COMMENTARY
It was a racket and near-scuffle. It was fear teleported as anger. The scene at Thammasat University on Thursday was distressing, as anti-Nitirat alumni exalted morality against knowledge, along the way confusing noise with argument and equating what's loud with what's right. It almost turned sinister when a small band of Nitirat supporters showed up, placards ready, and a mini face-off ensued. That was enough to dominate the headlines and consciousness of the public in the ongoing case that is testing the firmness of the ground beneath our feet - a historic test of what Thailand is, or what we want to become.
This is pressing.

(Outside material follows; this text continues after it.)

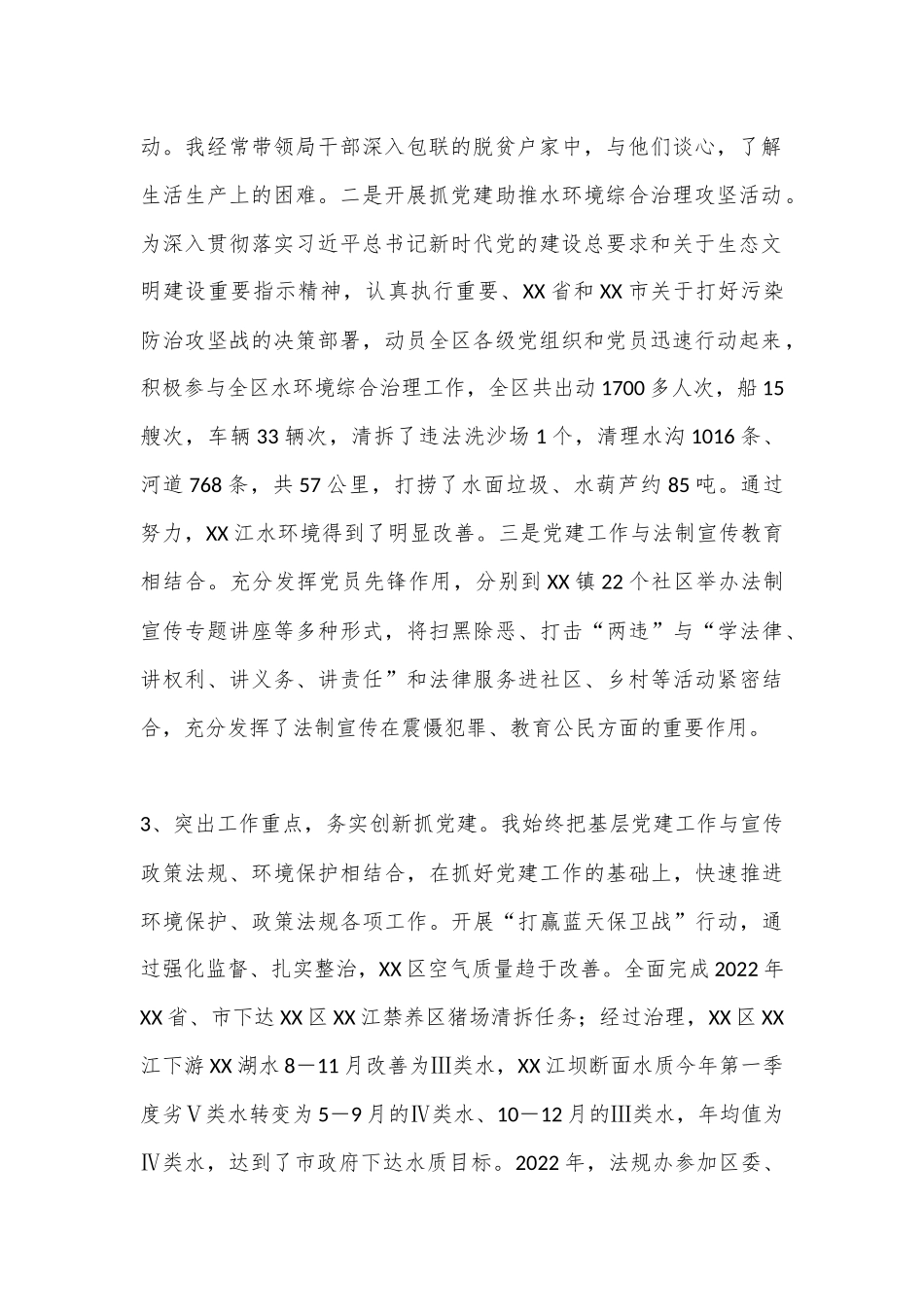 生态环境局2022年度落实主体责任述职报告（4092字）_第2页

But let's look away for a minute, because the ground is trembling elsewhere, too. Let's look away from the test-tube to the morgue, from the metaphorical eye of the typhoon to the visceral realism of the war zone. Not so far from Thammasat, something else happened that hardly made it to the pages of the national dailies, something that is also testing the slippery meaning of what we - Thais - are, and what we may become. At the Democracy Monument one day before the Thammasat rally, a group of Muslim students along with representatives from the Students Federation of Thailand, read out a statement condemning the killings of four civilians by military rangers in the South. In an act that's only fair to describe as merciless, the rangers, claiming they'd heard gunshots, opened fire on a pickup truck carrying villagers on their way to a funeral. Deputy Prime Minister Yuthasak Sasiprapa, in the typical sorry-is-the-hardest-word soldierly stoicism, admitted that the victims "were not involved with the insurgents". The rangers, he promised, would face the full force of the law.

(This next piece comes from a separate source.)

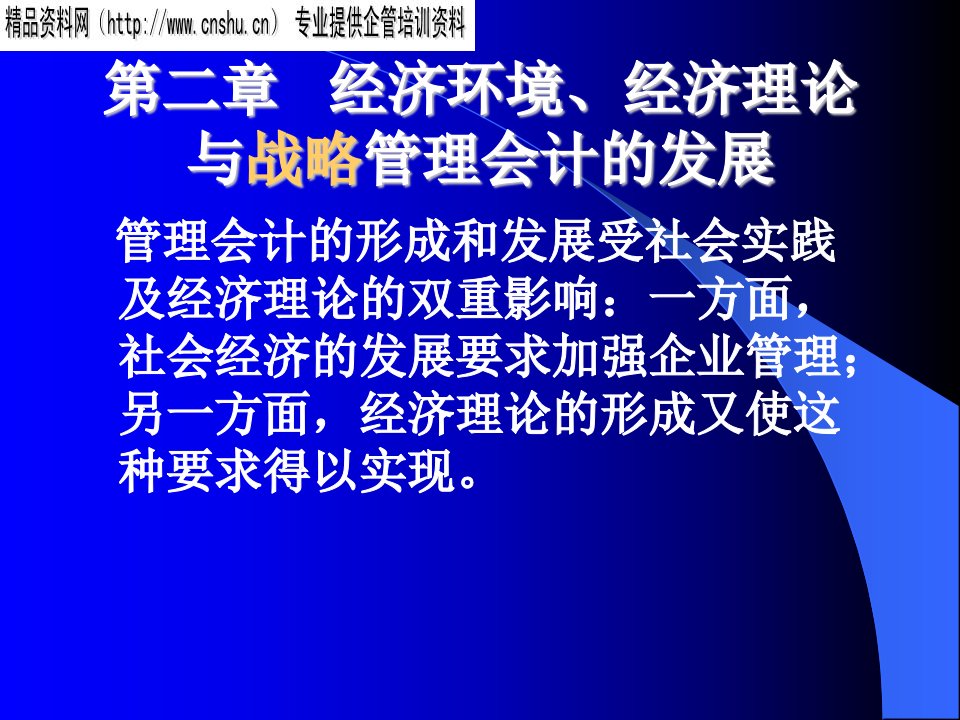 第二章经济环境、经济理论与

It is amazing that this latest report of a glaring, everyday atrocity did not stir the anger of good citizens and freedom lovers regardless of shade and ideology. As if the bitter debates on injustice, double standards, civilian deaths and bureaucratic oppression do not extend past Hua Hin, or maybe Phatthalung. As if the matter-of-life-and-death dispute on the ownership of Thailand and Thai-ness stops somewhere outside the bloodied minarets and pondok schools. As if the South and its phenomena have already emerged as a separate entity, excluded from the sovereign of national mood and conscience.